Safety of EPI-589 re-administration for ALS

Basic Information

Recruitment status	Complete
Health condition(s) or Problem(s) studied	Amyotrophic lateral sclerosis
Date of first enrollment	09/08/2023
Target sample size	3
Countries of recruitment
Study type	Interventional
Intervention(s)	Administer EPI-589 500 mg orally three times daily before meals.
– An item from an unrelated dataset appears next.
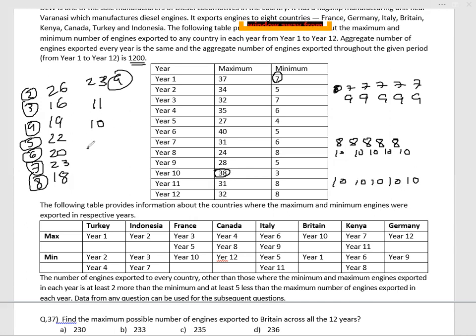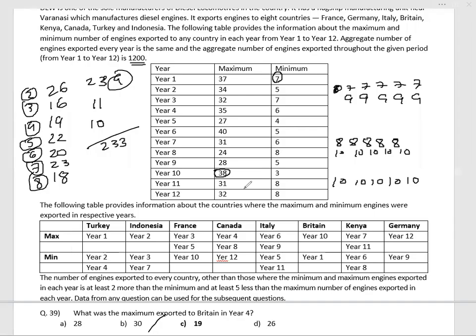For year 12 (the last year), two countries share 40, so all 6 remaining countries each get 10, meaning Britain gets 10. Adding up all years, the total for Britain comes to 233 — that's option 2. For the sub-question on maximum export to Britain in year 4, the answer is 19, option C.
The administration period will be from the day after registration of the treatment period to the end of all examinations and observations specified at the 22nd week of the treatment period.

Outcome(s)

Primary Outcome	Adverse events
Secondary Outcome	Amount and rate of change in ALSFRS-R score Period from start of treatment period to occurrence of event (all-day use of noninvasive respiratory support device, use of invasive respiratory support device, or death) Amount of change in %SVC Clinical examination Vital signs Body weight

Key inclusion & exclusion criteria

Age minimum	>= 18age old
Age maximum	Not applicable
Gender	Both
Include criteria	1) Patients who have given written informed consent to participate in this clinical study (or patients for whom a signature was obtained by a proxy, in case patients who have the ability to consent but are unable to sign the consent form in their own handwriting due to physical disabilities). 2) Patients who have entered the investigator-initiated clinical trial (DA350103) and have received EPI-589 for about 24 weeks, and have had no concerns with safety or tolerability. 3) Patients who can go to outpatient clinic
Exclude criteria	1) Patients who have clinically significant complications or medical history other than ALS, and who are judged to be inappropriate for clinical study by the investigator. 2) Patients with psychiatric disorders, cognitive impairment, or Parkinson's disease. 3) Patients undergoing tracheostomy. 4) Patients wearing a non-invasive respiratory support device all day (wearing for 22 hours or more). 5) Patients with a history of or complication of drug allergy or severe allergic disease (anaphylactic shock, etc.). 6) Patients who have a malignant tumor or have a medical history within 5 years before obtaining informed consent. 7) Patients whose AST and ALT levels were 3 times or more higher than the upper limit of normal at the time of screening. 8) Patients with CK =>2.5 times the upper limit of normal at screening. 9) Patients with estimated glomerular filtration rate (eGFR) less than 45 mL/min/1.73m2 at screening. 10) Pregnant women, lactating women, or patients who may be pregnant. 11) Patients or their partners wish to become pregnant, or patients who cannot agree to practice contraception during the period from the time of obtaining informed consent to 30 days after the last dose of the study drug. 12) Patients who participated in a clinical trial other than the investigator-initiated trial (DA350103) before consent was obtained, and 30 days had not passed since the administration of the test drug in the same clinical trial at the time of consent (half-life of the test drug in the same clinical trial If the number of days multiplied by 5 is longer than 30 days, the number of days 5 times the half-life must have passed), or patients participating or plan to participate in a clinical trial other than the investigator-initiated trial (DA350103) at the time of obtaining consent. 13) Patients who received cell therapy or gene therapy before obtaining informed consent. 14) Patients who are judged inappropriate for participation in this clinical study by the investigator.